Our final step in the course of determination of the complete set of
solutions to the set of equations (\ref{eq:simplfc(1)}) to
(\ref{eq:simplfc(3)}) is the investigation of Eqs. (\ref{eq:simplfc(2)x=0}),
(\ref{eq:simplfc(3)x=0}) in the limit of infinitely large gauge groups,
i.~e., for $\ell \to \infty$. In this limit---which is admittedly hard to
interpret from any physical point of view---the remaining set of finiteness
conditions to be solved, as represented by Eqs. (\ref{eq:simplfc(2)x=0}),
(\ref{eq:simplfc(3)x=0}), simplifies to the, in a certain sense, \ao
asymptotic" set of equations
\begin{eqnarray}
&&2 \, \ell^2 \, y_1^2 + 3 - 6 \, \ell \, y_1 + 2 \, \ell \, y_1 \, y_2
+ y_2^2 = 0 \quad ,
\label{eq:simplfc(2)x=0;linfty}\\[1ex]
&&4 \, \ell \, y_2^2 + 3 \, \ell - 12 \, \ell \, y_2 + 3 \, y_1 \, y_2 = 0
\quad .
\label{eq:simplfc(3)x=0;linfty}
\end{eqnarray}
Now, the first term on the left-hand side of Eq.
(\ref{eq:simplfc(2)x=0;linfty}) is the only one in the above set of
equations which, apart from the a priori unknown dependence of the variable
$y_1$ on $\ell$, is proportional to $\ell^2$. Hence, the only chance for an
eventual balance between the contributions of the various positive and
negative terms in Eq. (\ref{eq:simplfc(2)x=0;linfty}) is that $y_1$ is
of the form of some constant, $k$, divided by the group parameter $\ell$:
$$
y_1 = \dfrac{k}{\ell} \quad .
$$
In this case, Eqs. (\ref{eq:simplfc(2)x=0;linfty}),
(\ref{eq:simplfc(3)x=0;linfty}) read
\begin{eqnarray}
&&2 \, k^2 + 3 - 6 \, k + 2 \, k \, y_2 + y_2^2 = 0 \quad ,
\label{eq:simplfc(2)x=0;y1=k/l}\\[1ex]
&&4 \, y_2^2 + 3 - 12 \, y_2 + 3 \, \dfrac{k}{\ell^2} \, y_2 = 0 \quad .
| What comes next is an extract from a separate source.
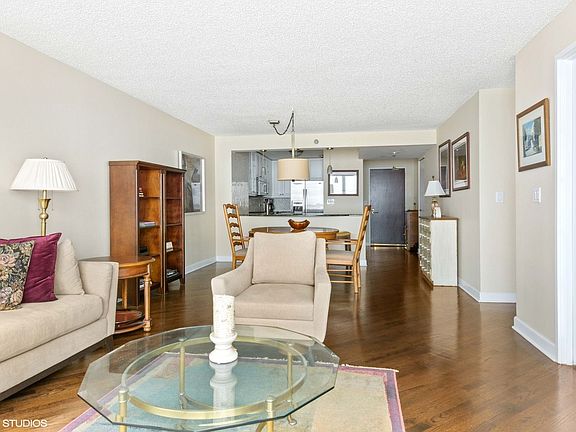 4th image of 195 N Harbor Dr APT 3108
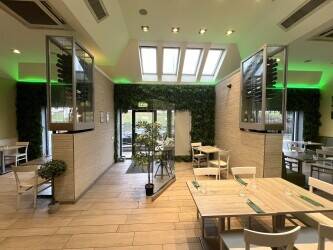 Beautifully Presented Freehold Restaurant Premises located in Dunfermline (ref 1795)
\label{eq:simplfc(3)x=0;y1=k/l}
\end{eqnarray}
Note that, according to the right-hand inequality in (\ref{eq:bounds-y2}),
the variable $y_2$ is bounded from above by a constant which is independent
from the group parameter $\ell$: $y_2 < \mbox{const}$. For this reason, the
last term on the left-hand side of Eq. (\ref{eq:simplfc(3)x=0;y1=k/l}) does
not contribute in the limit $\ell \to \infty$, that is, it may be dropped in
the limit $\ell \to \infty$. Accordingly, the final form of the asymptotic
set of equations (\ref{eq:simplfc(2)x=0;y1=k/l}),
(\ref{eq:simplfc(3)x=0;y1=k/l}) is
\begin{eqnarray}
&&2 \, k^2 + 3 - 6 \, k + 2 \, k \, y_2 + y_2^2 = 0 \quad ,
\label{eq:simplfc(2)x=0;y1=k/l-final}\\[1ex]
&&4 \, y_2^2 + 3 - 12 \, y_2 = 0 \quad .
\label{eq:simplfc(3)x=0;y1=k/l-final}
\end{eqnarray}
Now the second of our asymptotic set of equations, Eq.
(\ref{eq:simplfc(3)x=0;y1=k/l-final}), does no more depend on the variable
$k$ (or $y_1$, respectively) and therefore may immediately be solved for
$y_2$, with the \ao asymptotic" result
\begin{equation}
y_{2,\infty} = \dfrac{3 \pm \sqrt{6}}{2}
= \left\{ \begin{array}{l} 2.7247\dots \quad , \\ 0.2752\dots \quad .
\end{array} \right.
\label{eq:asympsol-y2}
\end{equation}
Of course, both numerical values of this asymptotic solution lie within the
two bounds on $y_2$ given by Eq. (\ref{eq:bounds-y2}): $\frac{1}{4} <
y_{2,\infty} < 4$. Upon insertion of this result for $y_{2,\infty}$ Eq.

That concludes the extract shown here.